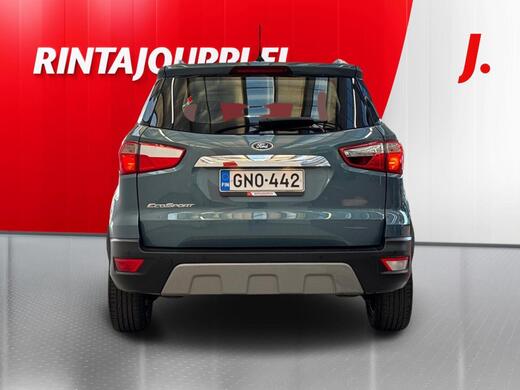 Ford Ecosport vaihtoauto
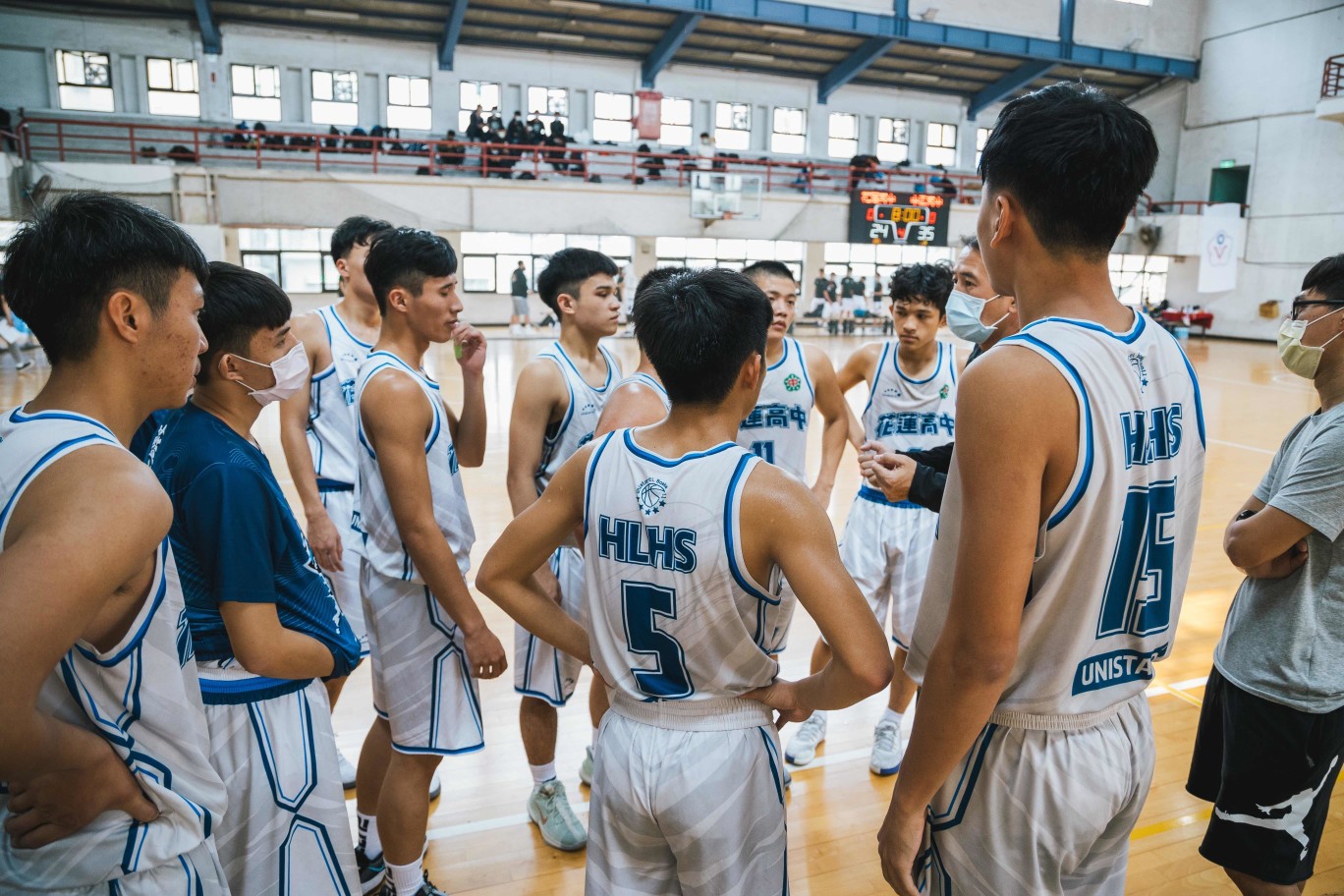 花蓮高中籃球隊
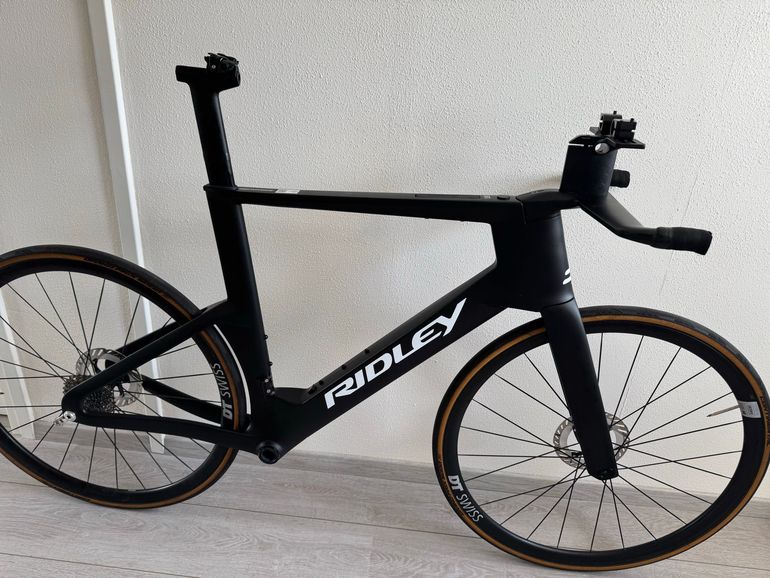 Used Ridley Triton Fast - Frameset 2025 Frameset 2025 Road & Gravel — image 1 of 8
++++++
*DESCRIPTION OF THE TASK*.
Every line above must appear in the answer unchanged, and no picture may appear in it.

*EXERCISE SOLUTION*.
 Ford Ecosport vaihtoauto
 花蓮高中籃球隊
 Used Ridley Triton Fast - Frameset 2025 Frameset 2025 Road & Gravel — image 1 of 8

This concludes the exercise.